We can make this method shorter by moving the creation and setup of the Grid and the Button objects into new methods, like this:

private GridPane createGridPane() {
GridPane grid = new GridPane();
grid.setAlignment(Pos.CENTER);
grid.setHgap(10);
grid.setVgap(10);

return grid;
}

private Button createButton(BuildSelector buildSelector) {
Button btn = new Button();
btn.setText("Show me hotspots!");
btn.setOnAction(event -> {
List<String> selectedBuilds = buildSelector.getBuilds();
});

return btn;
}

protected void selectBuilds(String source) {
jenkinsClient = new JenkinsClient(source);
List<String> allBuilds = jenkinsClient.getBuildConfigurations();
BuildSelector buildSelector = new BuildSelector(allBuilds);

GridPane grid = createGridPane();

Scene scene = new Scene(grid, 250, 400);
m_primaryStage.setScene(scene);

Button btn = createButton(buildSelector);
}


Now we have three small methods as opposed to one big one, which makes the code easier to manipulate.

Write Simple Units of Code

The more paths of execution a method has, the more difficult it will be to reason about all of them. And when code is difficult to reason about, misunderstandings occur, and misunderstandings lead to bugs.

It’s important to clarify, though, what a path of execution means. Paths of execution are branching points, instructions that can make the execution of the code go in one way or another. For instance, an if statement creates a branch of execution because, depending on the evaluation of a condition, different code will be executed. But not only that—if the condition in the if statement is a boolean operation involving several operators, the application of each operator will imply a new branch.

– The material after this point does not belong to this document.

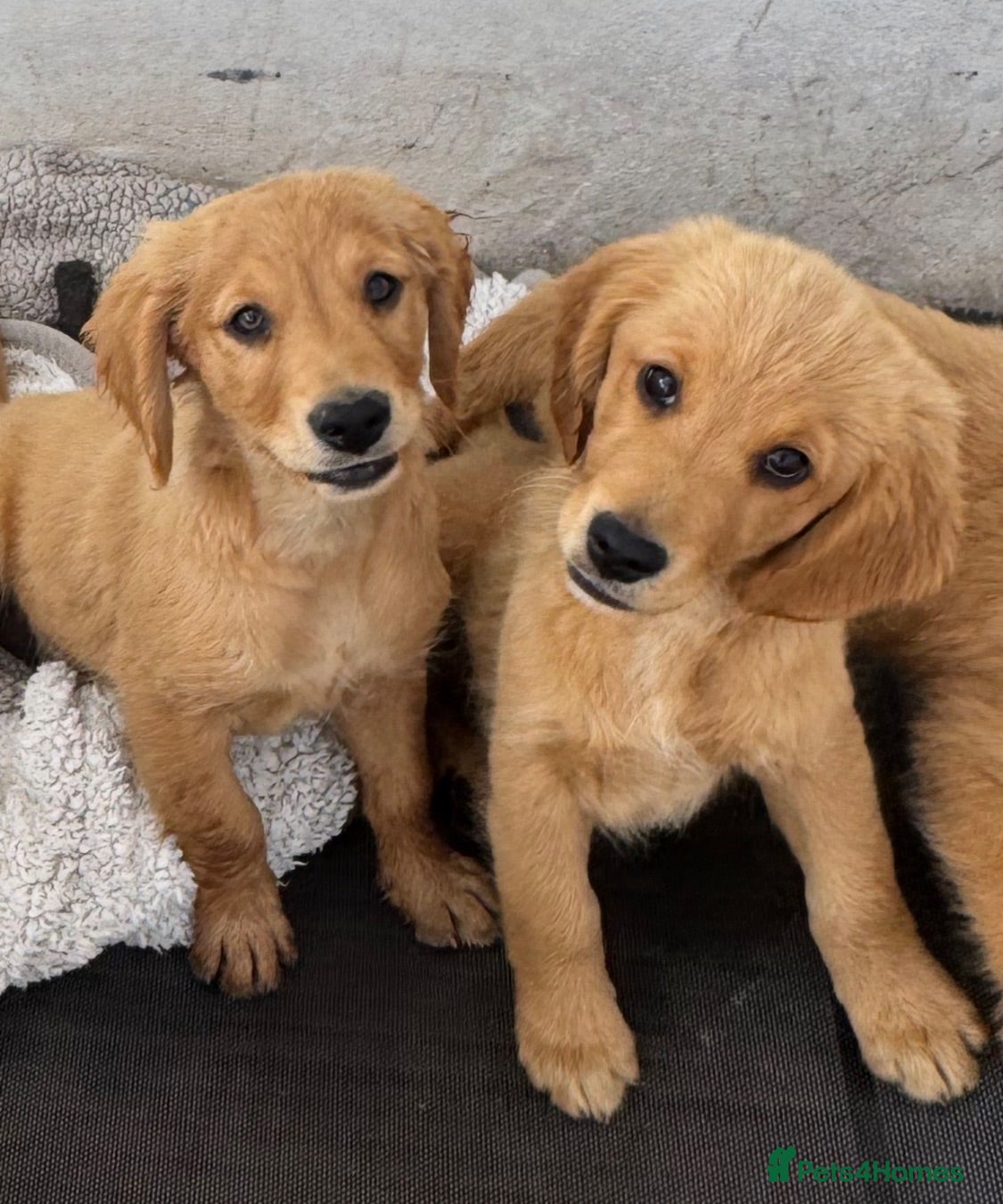 Golden Retriever dogs KC Healthy Golden Retriever Puppies - Advert 1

This guideline suggests that we limit branch points to a maximum of four. This will not only make the methods easier to understand but will also make them easier to test. In order to cover all different scenarios of a method, we need a number of automated tests that is at least the number of branch points plus one. Let’s take a look at the following code:

public int getDiscount(String promoCode) {
if(promoCode == null) {
throw new IllegalArgumentException("promoCode");
}

promoCode = promoCode.trim();

if(promoCode.length() < 5 || promoCode.length() > 8) {
throw new IllegalArgumentException("promoCode");
}

if(expiredPromoCodes.containsKey(promoCode)) {
throw new ExpiredPromoException(promoCode);
}

if(!availablePromoCodes.containsKey(promoCode)) {
return 0;
}

return availablePromoCodes.get(promoCode);
}


As can probably be guessed, this method will provide the appropriate discount to apply depending on a promotional code, throwing exceptions in particular situations. This code has five branching points, which means there are six different scenarios to be considered while testing: promotional code being null, too short, or too long; promotion having expired; promotional code not matching any existing promotion (expired or not); and promotional code applied successfully.

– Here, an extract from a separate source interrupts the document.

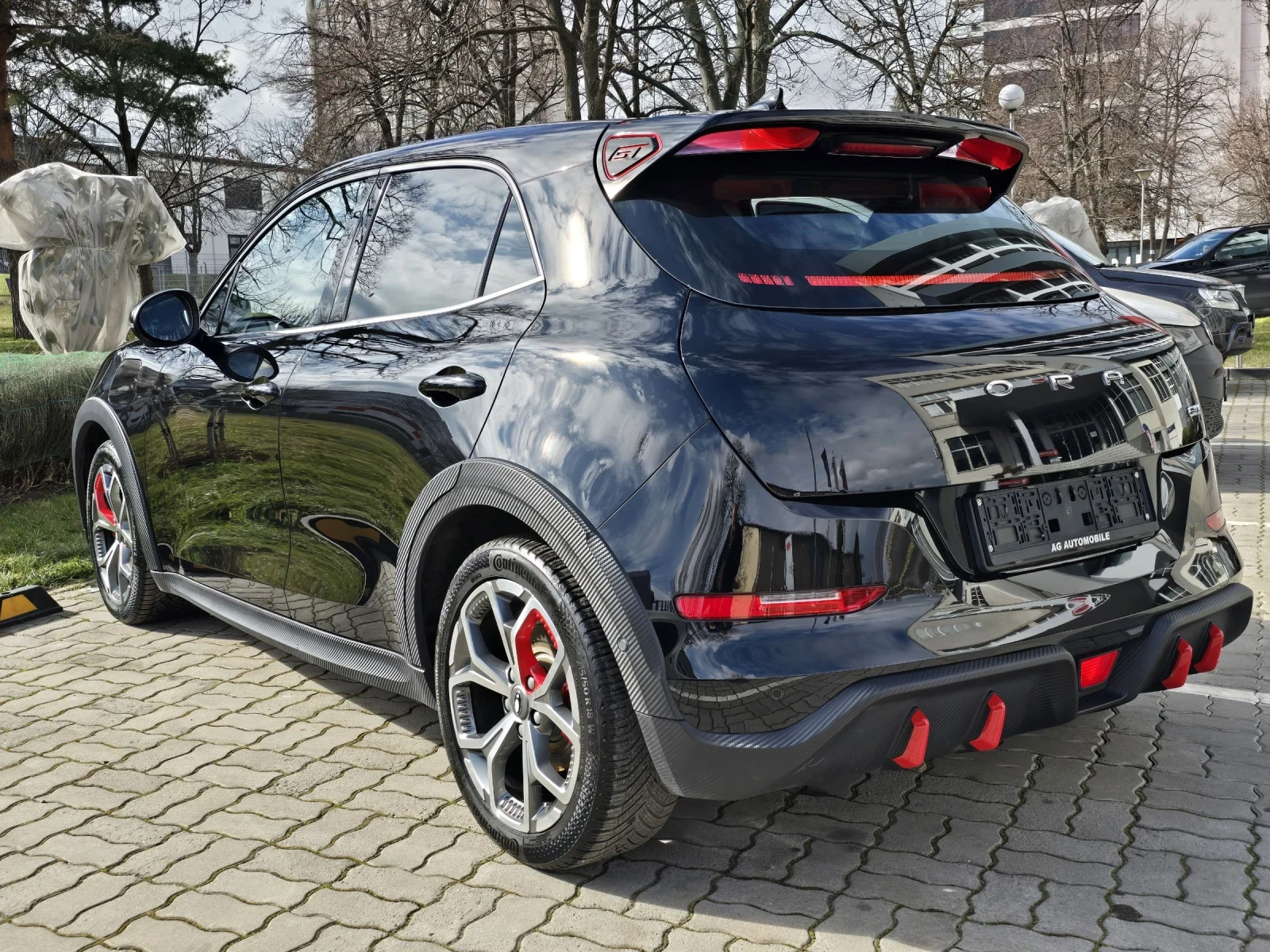 Great Wall ORA 03 400  GT - изображение 5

We can reduce the number of branching points per unit by moving the validation logic to its own method, like the following:

public boolean isPromoCodeValid(String promoCode) {
if(promoCode == null) {
return false;
}

promoCode = promoCode.trim();

if(promoCode.length() < 5 || promoCode.length() > 8) {
return false;
}

return true;
}

public int getDiscount(String promoCode) {
if(!isPromoCodeValid(promoCode)) {
throw new IllegalArgumentException("promoCode");
}

promoCode = promoCode.trim();

if(expiredPromoCodes.containsKey(promoCode)) {
throw new ExpiredPromoException(promoCode);
}

if(!availablePromoCodes.containsKey(promoCode)) {
return 0;
}

return availablePromoCodes.get(promoCode);
}

With the new version, we have two methods with three branching points each, which means we’ll need four tests for each method to cover all cases. It may look as if we have more work to do now since we have a total of eight scenarios to cover, whereas before we only had six. However, analyzing effort this way can be deceiving. We don’t quite have eight scenarios to cover; we have two sets of four scenarios each. This distinction is important because in software development, effort doesn’t grow linearly with complexity—it grows exponentially. Therefore, it is easier to manage two sets of four scenarios each than one with six.

Write Code Once

Internet folklore has many ways to refer to this guideline, including “Stay DRY,” with DRY being short for Don’t Repeat Yourself, and “Don’t get WET,” with WET being short for Write Everything Twice. The truth is, there are so many ways to refer to this because this is one of the most powerful single sources of bugs.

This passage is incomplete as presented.